Externe WordPress-Experten sind vor allem dann die bessere Wahl, wenn Ihr Bedarf projektbezogen, hochspezialisiert oder zeitkritisch ist. Eine Festanstellung lohnt sich hingegen bei dauerhafter, breit gefächerter Auslastung. Beide Modelle haben ihre Berechtigung, doch die Antwort hängt weniger vom Bauchgefühl ab als von Ihrer Projektstruktur, der internen Auslastung und den fachlichen Anforderungen. Wer sich das ehrlich anschaut, trifft eine bessere Entscheidung und spart im Zweifel erhebliche Personal- und Projektkosten.

Der Arbeitsmarkt für WordPress-Kompetenz ist eng

WordPress zählt seit Jahren zu den weltweit am weitesten verbreiteten Content-Management-Systemen.

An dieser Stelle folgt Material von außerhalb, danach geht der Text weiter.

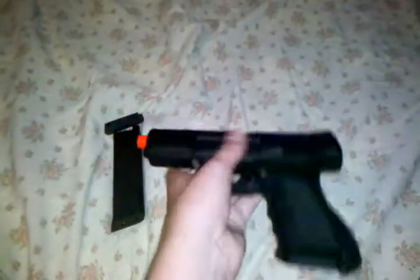This gun costs $120 at Shorty USA, and spare mags are like $30.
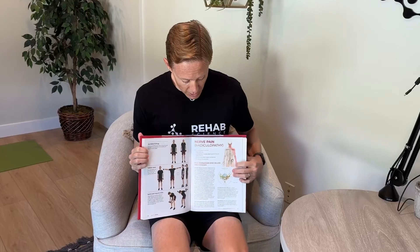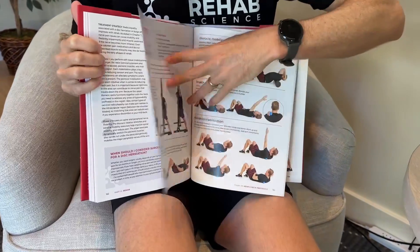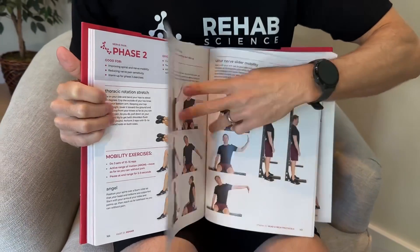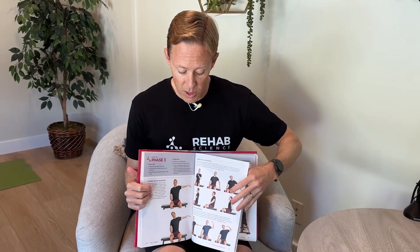Thanks again for checking out today's video. Just want to mention my book is available on Amazon and Barnes & Noble. It has rehab programs for the most common injuries and pain issues — each body region has its own chapter. For today's exercises, we look at this nerve pain program in the next chapter. This program is going to take you through three phases and includes pictures of me doing all the exercises. If you need a comprehensive resource to do your own rehab at home, I'll put a link for the book down in the description.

Trotzdem ist echte technische WordPress-Expertise auf dem deutschen Arbeitsmarkt knapp, also die Kombination aus PHP, JavaScript, WooCommerce, Performance-Optimierung, Sicherheitsaspekten und einem sicheren Umgang mit Plugins und Themes. Wer heute eine Festanstellung im Bereich WordPress ausschreibt, konkurriert mit Agenturen, Konzernen und einer wachsenden Selbstständigen-Szene. Die Besetzung solcher Stellen zieht sich in vielen HR-Abteilungen erfahrungsgemäß über mehrere Monate.

Für Unternehmen bedeutet das: Selbst wenn die Festanstellung strategisch gewünscht wäre, ist sie oft nicht kurzfristig umsetzbar. Genau in dieser Lücke kommen freie WordPress-Experten ins Spiel, die spezialisierte Arbeit sofort übernehmen können, ohne Onboarding-Marathon und ohne monatelange Vakanzzeit.

Wann eine Festanstellung wirklich sinnvoll ist

Wann eine Festanstellung wirklich sinnvoll ist

Eine feste Stelle für WordPress lohnt sich vor allem dann, wenn Ihr Bedarf dauerhaft, breit gefächert und tief in die Unternehmensprozesse eingebunden ist. Typische Konstellationen:

  • Ihr Unternehmen betreibt mehrere Websites, Landingpages und einen Shop, die täglich gepflegt und weiterentwickelt werden.
  • Marketing, Vertrieb und Produkt arbeiten eng mit dem Web-Team zusammen und benötigen kurze Abstimmungswege.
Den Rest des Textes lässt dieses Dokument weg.